Transcribe exactly, and without pictures, the lines from the one that contains "Pre-owned Sorel Leather Slides In Neutrals" through the last line of the material.

Given material:
::::::
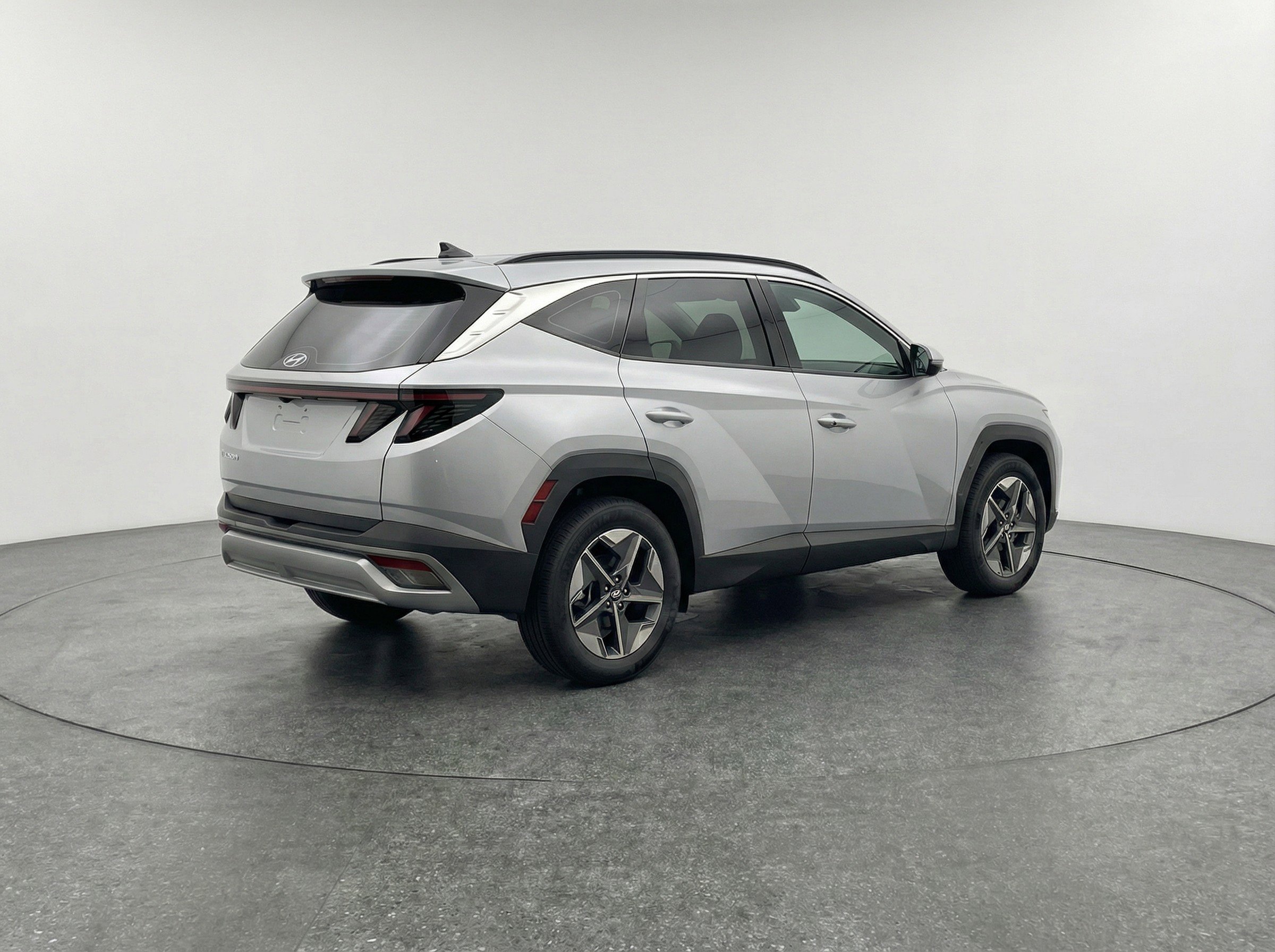 Used 2025 Hyundai Tucson SEL FWD image 9
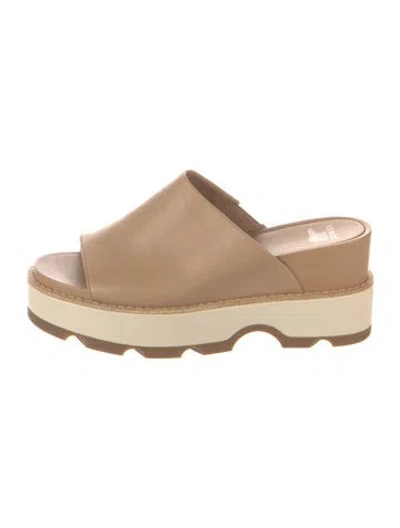 Pre-owned Sorel Leather Slides In Neutrals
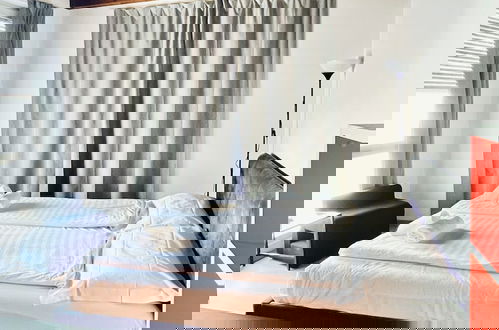 Photo 9 - GuestHouse Lugano University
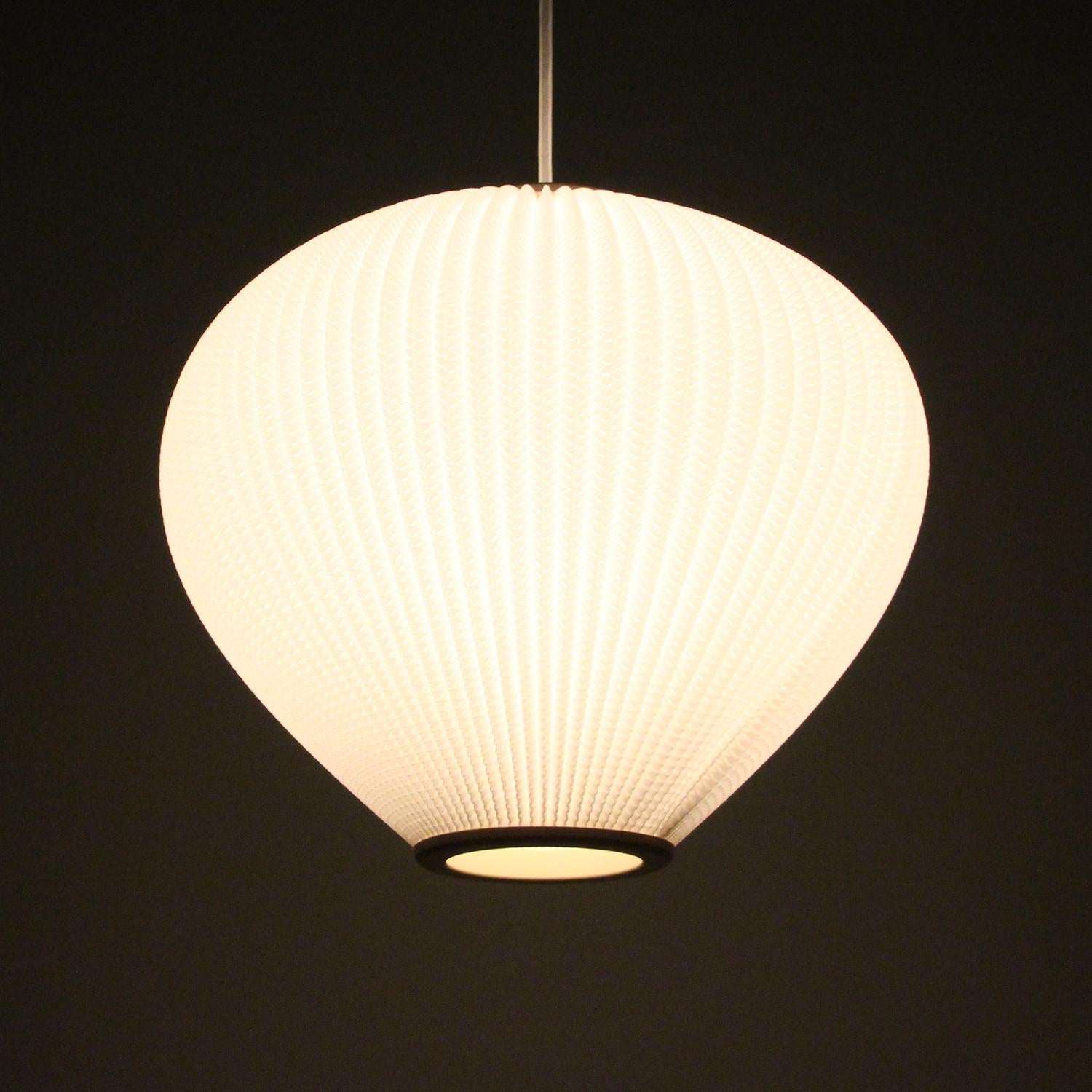 Pearlshade Large White Lamp by Lars Schioler for Danish Hoyrup Light, 1960 In Good Condition In Brondby, Copenhagen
::::::
Solution to this exercise:
 Pre-owned Sorel Leather Slides In Neutrals
 Photo 9 - GuestHouse Lugano University
 Pearlshade Large White Lamp by Lars Schioler for Danish Hoyrup Light, 1960 In Good Condition In Brondby, Copenhagen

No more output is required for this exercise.